NASA’s Earth Surface Mineral Dust Source Investigation (EMIT) mission has surpassed expectations in its ability to identify sources of greenhouse gas emissions – particularly methane – from space. 

Originally designed to map key minerals in arid regions, EMIT’s proficiency in detecting methane emissions has become a significant aspect of its mission.

Unexpected capabilities 

The spectrometer aboard the International Space Station has identified over 750 sources of methane emissions since August 2022. These sources vary in size and location, with some being small and others located in remote areas. 

Andrew Thorpe is a research technologist at NASA’s Jet Propulsion Laboratory and the lead author of a study on EMIT’s capabilities.

“We were a little cautious at first about what we could do with the instrument,” said Thorpe. “It has exceeded our expectations.”

Methane detection

Methane detection is crucial in addressing climate change due to its potent greenhouse effect. This potent gas is up to 80 times more effective at trapping heat compared to carbon dioxide over a decade, although it remains in the atmosphere for a shorter period of time. 

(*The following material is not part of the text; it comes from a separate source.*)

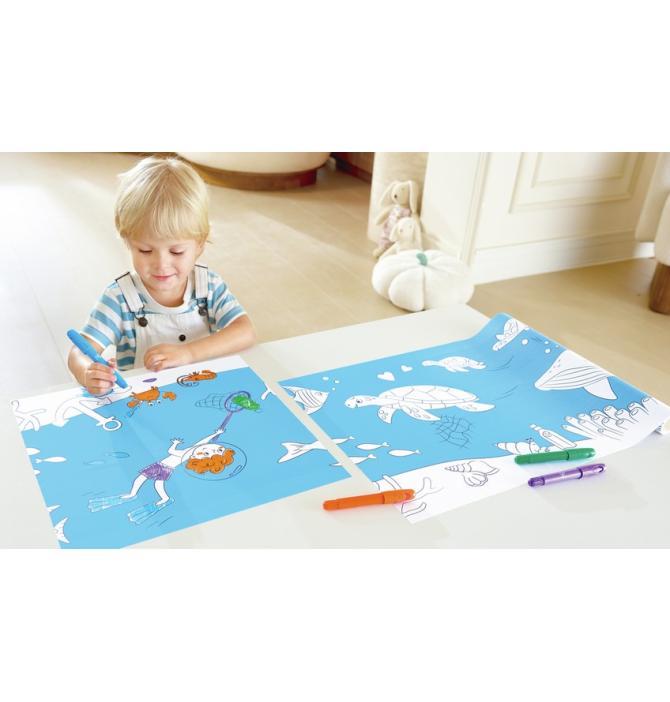 Rouleau à Dessin et Feutres - Océan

By pinpointing methane emission sources, which include landfills, agricultural sites, and oil and gas facilities, EMIT enables operators to mitigate these emissions effectively.

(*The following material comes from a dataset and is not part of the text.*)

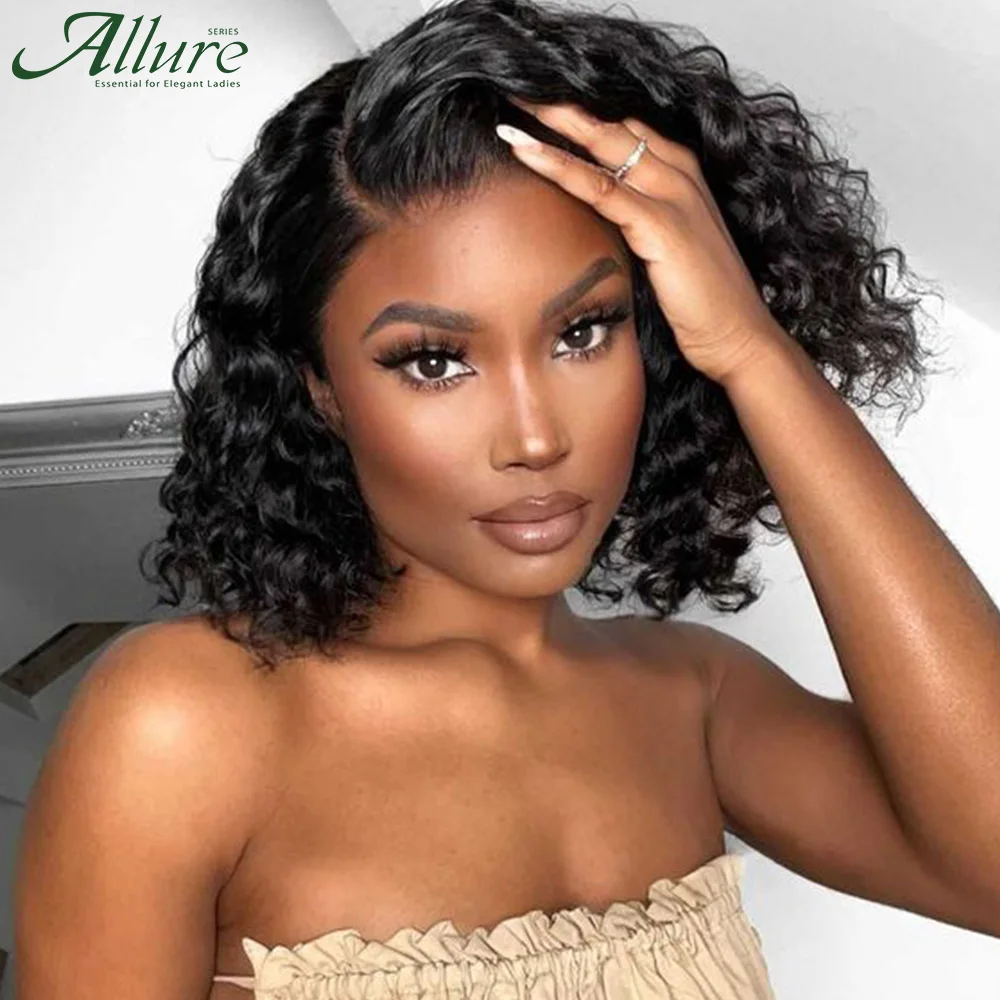 Short Curly Bob Human Hair Wigs Wear to Go Glueless Wigs Black Women Curly Part Lace Wigs Deep Curly Brazilian Hair Wig Allure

EMIT’s sensitivity to both large and small methane emissions is notable. It has detected emissions ranging from tens of thousands to just hundreds of pounds of methane per hour. 

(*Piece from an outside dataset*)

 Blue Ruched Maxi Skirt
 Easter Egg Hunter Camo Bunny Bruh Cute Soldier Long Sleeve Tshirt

This range allows for the identification of “super-emitters,” which contribute disproportionately to total emissions.

Airborne instruments 

The instrument’s data collection, covering large areas of the Earth’s arid regions, marks a significant improvement over traditional airborne methane detection methods. 

Airborne instruments, although more sensitive, are limited by the need for prior indications of methane presence, costs, and geographical reach. EMIT’s space-based approach allows for broader and more consistent coverage.

Extensive data

The study highlights EMIT’s ability to detect 60 to 85 percent of methane plumes typically seen in airborne campaigns within its first 30 days of greenhouse gas detection. 

The instrument captures large surface images from its position on the ISS, providing extensive data on methane emissions in regions previously unreachable by airborne methods.

Global mitigation efforts

EMIT’s findings are made available to the public, scientists, and organizations through maps of methane plumes on a dedicated website and underlying data at the NASA-United States Geological Survey Land Processes Distributed Active Archive Center (LP DAAC). 

This transparency and data sharing enhance global understanding and mitigation efforts for greenhouse gas emissions.

The detection of a cluster of emissions in southern Uzbekistan and a small emission source in southeastern Libya exemplifies EMIT’s wide-reaching capabilities. 

These findings underscore the mission’s importance in the global effort to monitor and combat climate change through advanced space technology.